Workers are seen near pumpjacks at a China National Petroleum Corp (CNPC) oil field in Bayingol, Xinjiang Uighur Autonomous Region, China, August 7, 2019. [Photo/Agencies]
Crude oil benchmarks fell sharply on Monday, with the Brent Crude hitting its lowest point since November 2002 as the novel coronavirus pandemic intensified and the Saudi Arabia-Russia oil price war showed no signs of abating.
Saudi Arabia said on Friday that it was not in talks with Russia to balance the global oil market despite the increasing pressure from the United States to stop a price rout amid the pandemic, although a senior Russian official had said before Friday that a larger number of oil producing countries could cooperate with the Organization of Petroleum Exporting Countries and Russia to stabilize the oil prices.
According to the General Administration of Customs' statistics, last year China's crude oil imports exceeded 500 million tons-up 9.5 percent year-on-year-for the first time.
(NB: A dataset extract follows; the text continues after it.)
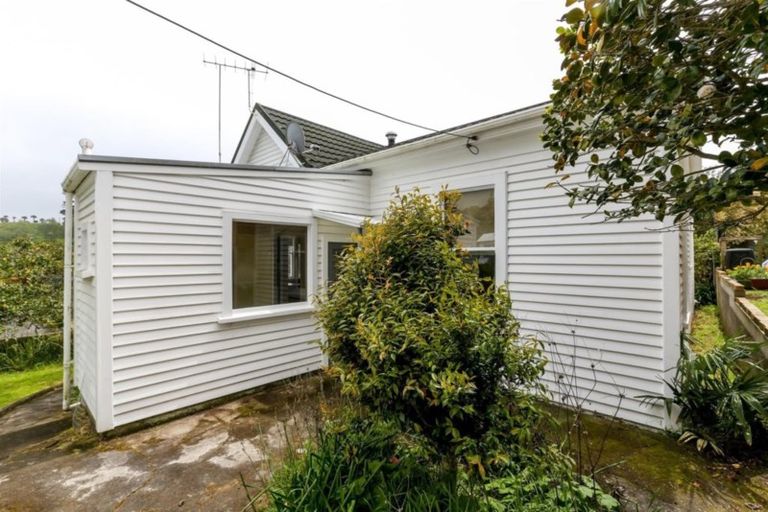Photo of property in 6 Pendarves Street, New Plymouth, 4310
China is the world's largest oil and gas importer and second largest oil and gas consumer. In fact, in 2019, China's foreign crude oil dependence rate was as high as 72.4 percent.
Since China's dependence on imported crude has been increasing from year to year, it should increase its strategic reserve of crude. And as the ongoing oil price war has caused a new round of decline in global oil prices, this is a good opportunity for China to increase its strategic petroleum reserve.
As Saudi Arabia and Russia are yet to reach a consensus on production reduction, the sharp decline in global oil prices will redefine petroleum-related geopolitics. The sharp decline in oil prices is the consequence of the imbalance in global petroleum supply and demand, as well as the competitive dumping of oil and gas by petroleum producing countries to grab a bigger share of the global market.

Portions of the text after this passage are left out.